Steps to Making New Migrations

Before writing any code for DB changes, fill in this Google Sheets template once for each new/changed model you're proposing, and share this with with with your manager or code reviewer either in the issue you're trying to fix or in a new issue if one doesn't already exist.

This allows a design to coalesce before any code is written.

Once your proposed changes have gotten feedback and are approved, follow the steps below to implement them in code and then submit a PR.

Make necessary changes to the Django models for which the migration applies to.

Create the migration files:

Create a Django migration file: docker exec -it cl-django python manage.py makemigrations <app_name>
- This creates a .py migration file under the "migration" folder for the specific app.
- Keeping the migration_id at the beginning of the filename, rename the rest of the filename to describe what this migration does.
- Add _noop.py suffix if the migration doesn't do anything (like, it just tweaks the choices parameter).
Generate raw SQL for the migration: docker exec -it cl-django python manage.py sqlmigrate <app_name> <migration_id>
Make a SQL file for our replica:
- In the same "migration" folder, make a new .sql file with the same filename as the .py migration file generated above.
- Copy and paste the generated raw SQL (from step ii) into the new .sql file.

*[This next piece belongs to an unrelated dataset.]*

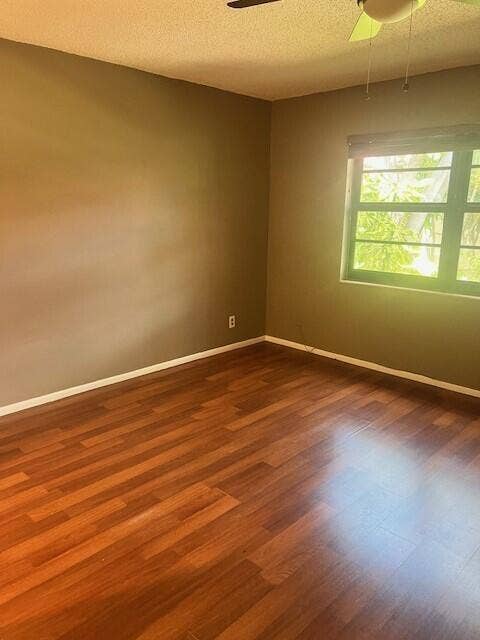 132 S Cypress Road, #523, Pompano Beach, FL 33060 main bedroom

The raw SQL begins with "BEGIN;" and ends of "COMMIT;".
- Remove any SQL commands that include "triggers", see below on why.
Make a SQL file for our customers:
- In the same "migration" folder, make a copy of the .sql file made in step iii, rename the file to add _customers suffix.
- Remove any SQL commands that include "event" or "triggers", see below on why.
Tweak the raw SQL files as needed to avoid the issues outlined below, if any.

This table outlines the differences of the migrations:

Targeted Servers	Extension	Has Event Tables	Has Triggers	Why?
Our production server	`.py`	Yes	Yes	Prod uses triggers to generate data it puts in the event tables.
Our replica	`.sql`	Yes	No	Event data is streamed from prod to this replica, so tables are needed, but triggers would create duplicate data if they existed here too.
Customer Replicas	`_customers.sql`	No	No	We don't want the events at all.

Update the bulk data script.
- Look for the script in scripts/make_bulk_data.sh, and update it to add/remove whatever columns you need to.
- Add a line to the bulk data documentation - noting the change - with a release note containing the date and explaining the change(s).
Apply the migration locally and test the migration as needed
- Apply the migration: docker exec -it cl-django python manage.py migrate
- Verify the migration was successful through the admin panel
(Optional) Occasionally, you may find that you need to undo & redo the last local migration
- Undo the last local migration by reapplying the last migration before the current migration: docker exec -it cl-django python manage.py migrate <app_name> <last_migration_id>
- Make your changes
- Check the output from docker exec -it cl-django python manage.py makemigrations --dry-run to confirm it's consistent with your expectations
- Redo step 2 above to make the migration files

Migrating Event Tables and Triggers

Clients don't have event tables or triggers.
cl-replica doesn't have triggers.
prod has event tables and triggers.

Known Problems

Migrations that do literally nothing

This isn't the worst crime, but sometimes Django can be pretty dumb. For example, if you convert a text field to be blank=True, that'll create a migration that sets DEFAULT='', followed immediately by DROP DEFAULT. That doesn't do anything except confuse things, so the first rule of good migrations is: "Migrations should do something."

Adding and removing indexes to a column don't use CONCURRENTLY by default

By default, Django creates and removes indexes without using the CONCURRENTLY statement. This locks the table for the duration of the index creation. This is devastating.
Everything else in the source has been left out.